▶ [Task prompt] I would like every record reproduced exactly, with the pictures left out.

▶ [Data excerpts]
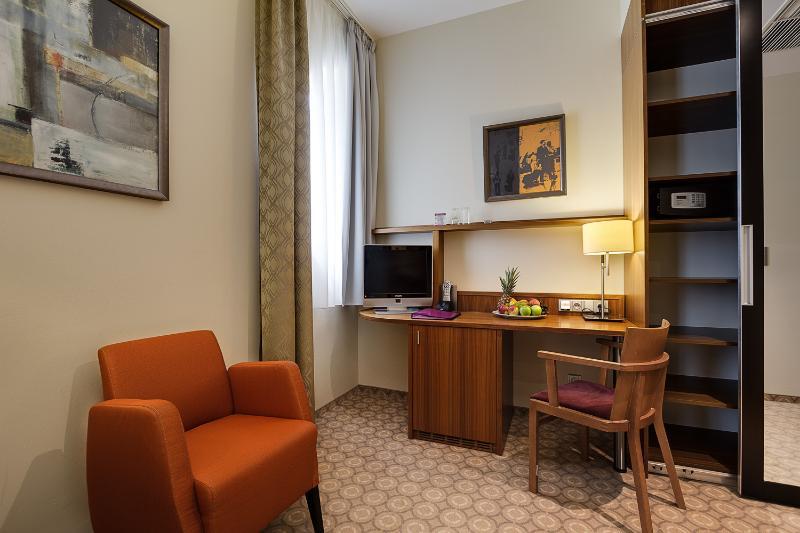 Hotel Silenzio Praha Exteriér fotografie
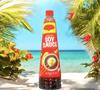3 Packs - Red Condensed Soy Sauce - Nuoc Tuong Dam Dac - 700ml per Bottle with 3 Bottles per Order view 3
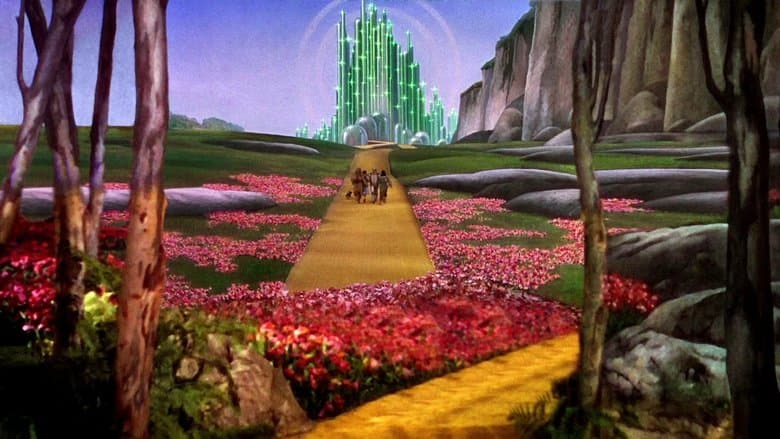 The Wizard of Oz image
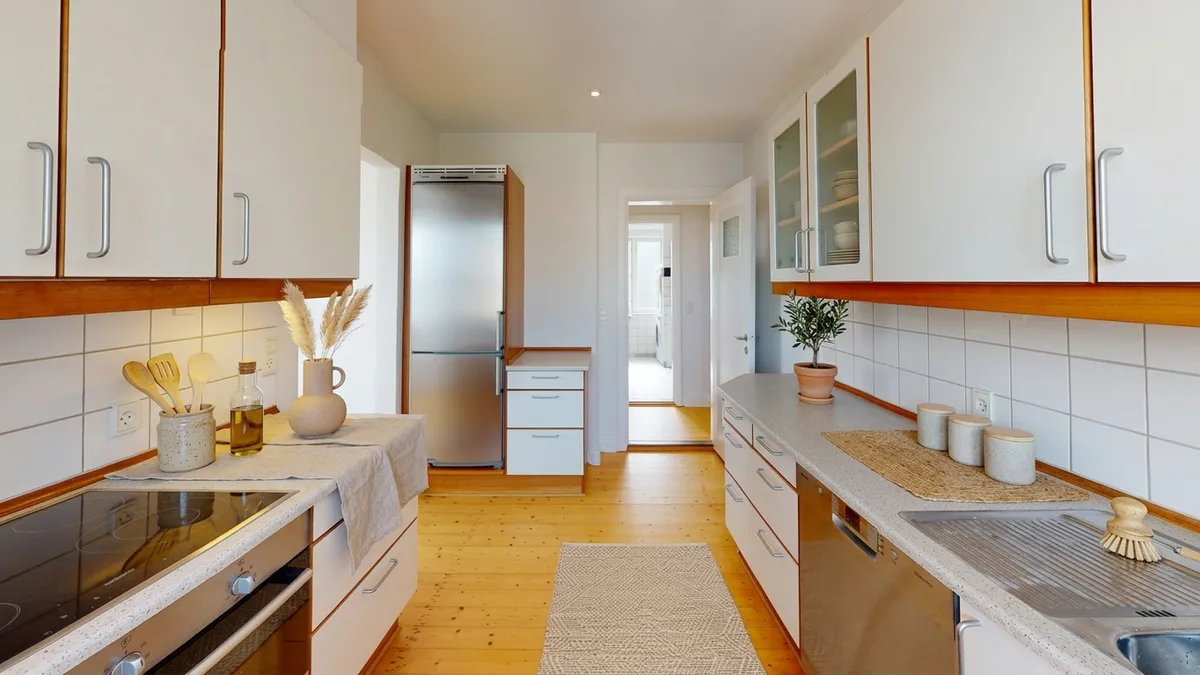 5-vær. lejlighed på 176 m² - Aalborg - Billede 4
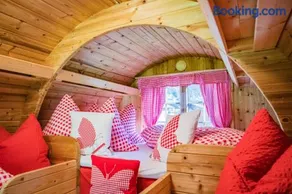 Schlafen im Fass - Schlaffass - Abenteuer - Romantik - Haslifass - Image 4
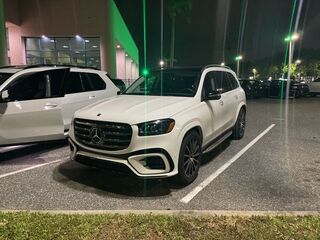 2024 Mercedes-Benz Gls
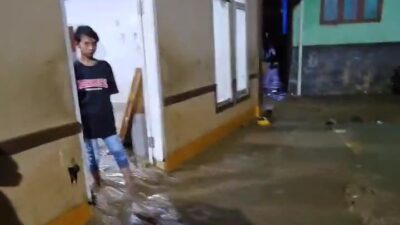 Puluhan Rumah di Dua Desa di Cilaku Terendam Banjir, Camat Ungkap Penyebabnya! 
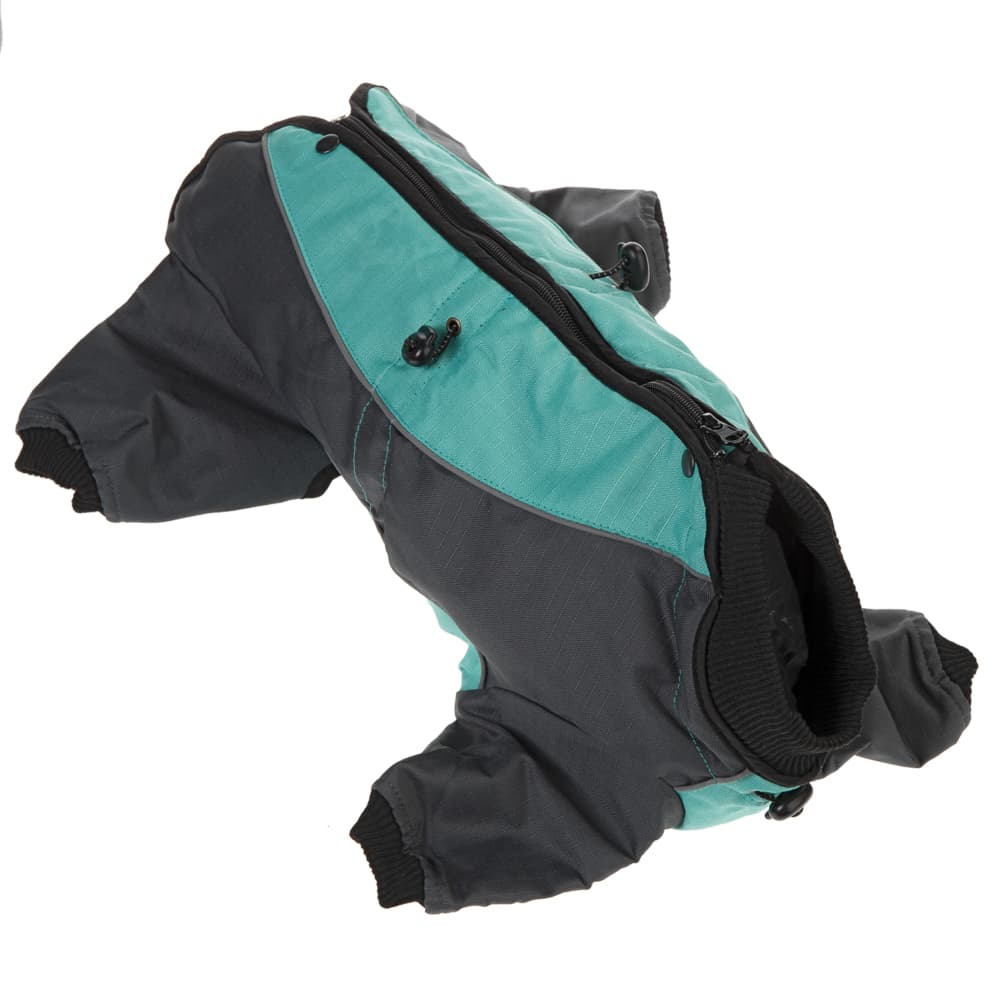 Abrigo largo Overall II para perros - 45 cm aprox. de longitud dorsal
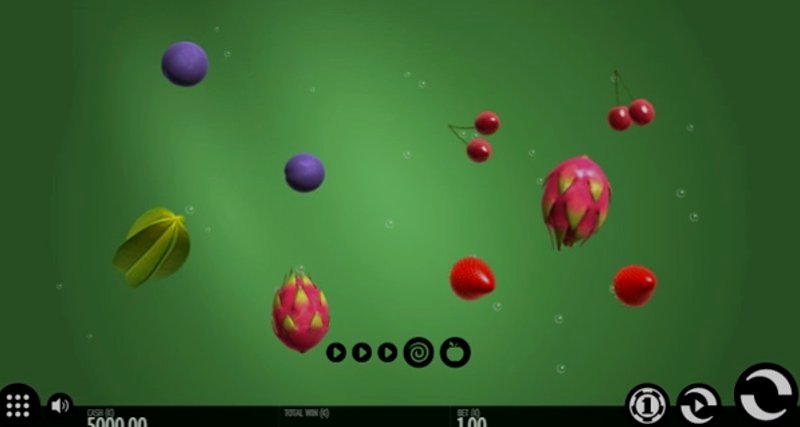 Играть Fruit Warp от Thunderkick в казино 1Win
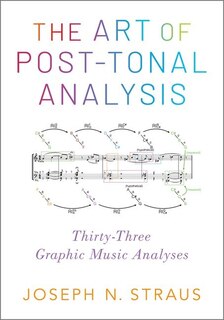 Couverture_The Art Of Post-tonal Analysis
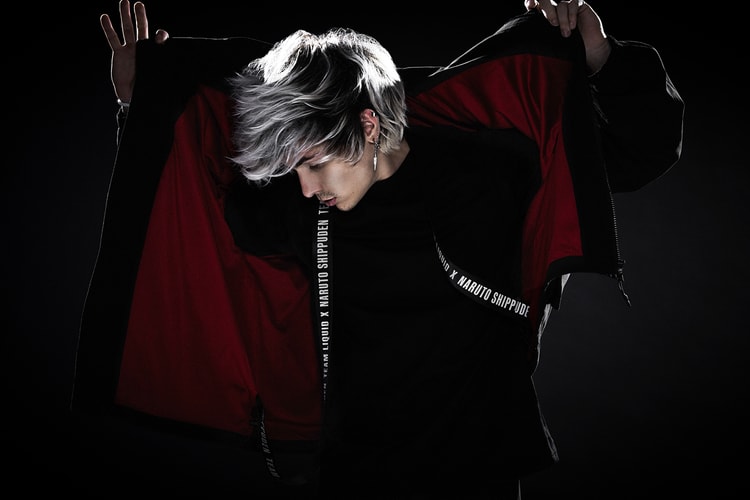 Team Liquid's 'Naruto' Assembles the Akatsuki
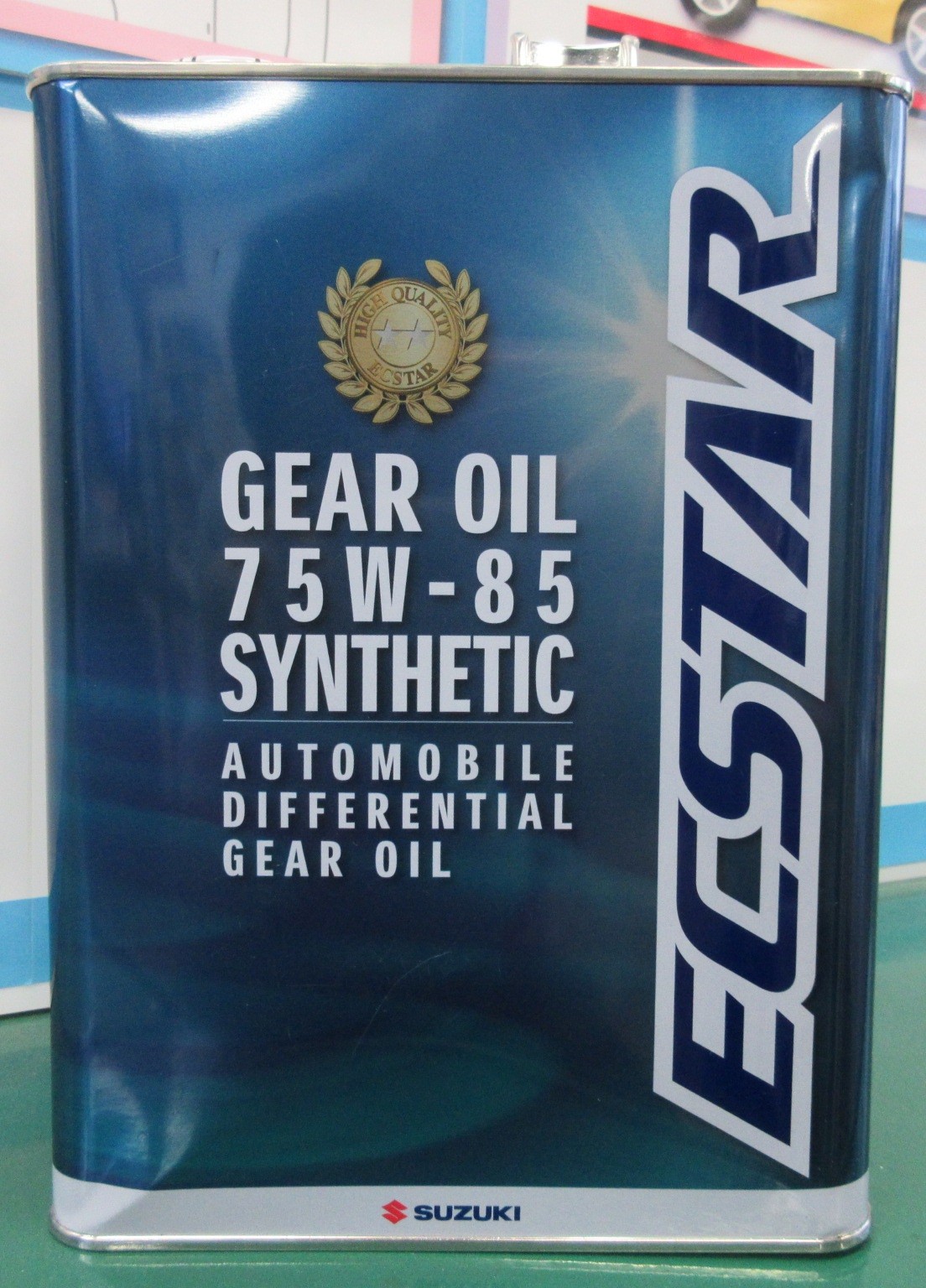 スズキ　ギヤオイル　75W-85 4リットル缶　2ケ スズキ ギヤオイル 75W-85 4リットル缶 2ケ 楽天市場】SUZUKI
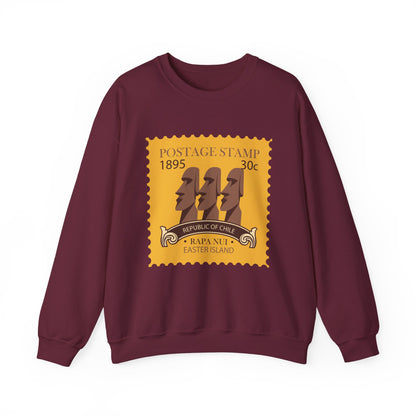 Rapa NUI Easter Island Sweatshirt
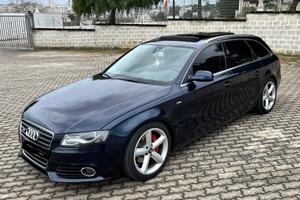Audi A4 Avant 2.0 TDI 170CV Advanced plus "Tetto a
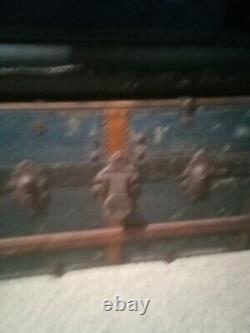 General J H Barkley Trunk From 1800s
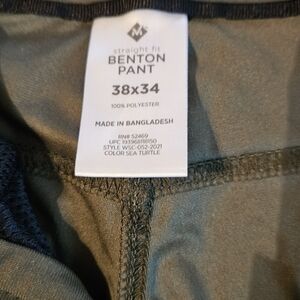 Benton pants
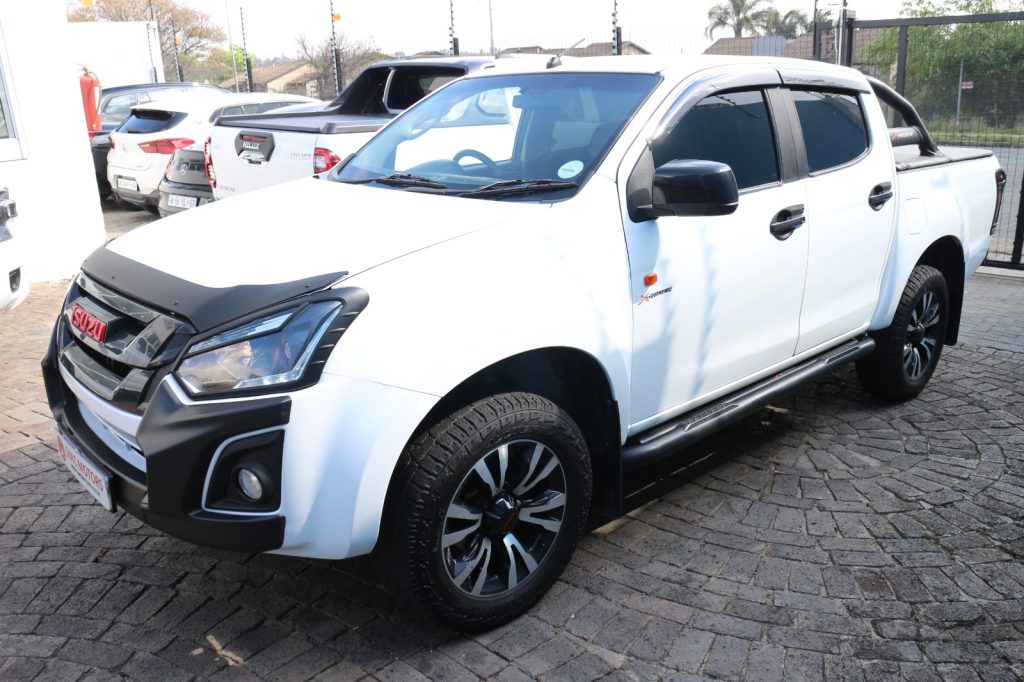 Isuzu Bakkies for Sale Johannesburg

▶ [Output below]
 Hotel Silenzio Praha Exteriér fotografie
3 Packs - Red Condensed Soy Sauce - Nuoc Tuong Dam Dac - 700ml per Bottle with 3 Bottles per Order view 3
 The Wizard of Oz image
 5-vær. lejlighed på 176 m² - Aalborg - Billede 4
 Schlafen im Fass - Schlaffass - Abenteuer - Romantik - Haslifass - Image 4
 2024 Mercedes-Benz Gls
 Puluhan Rumah di Dua Desa di Cilaku Terendam Banjir, Camat Ungkap Penyebabnya! 
 Abrigo largo Overall II para perros - 45 cm aprox. de longitud dorsal
 Играть Fruit Warp от Thunderkick в казино 1Win
 Couverture_The Art Of Post-tonal Analysis
 Team Liquid's 'Naruto' Assembles the Akatsuki
 スズキ　ギヤオイル　75W-85 4リットル缶　2ケ スズキ ギヤオイル 75W-85 4リットル缶 2ケ 楽天市場】SUZUKI
 Rapa NUI Easter Island Sweatshirt
Audi A4 Avant 2.0 TDI 170CV Advanced plus "Tetto a
 General J H Barkley Trunk From 1800s
 Benton pants
 Isuzu Bakkies for Sale Johannesburg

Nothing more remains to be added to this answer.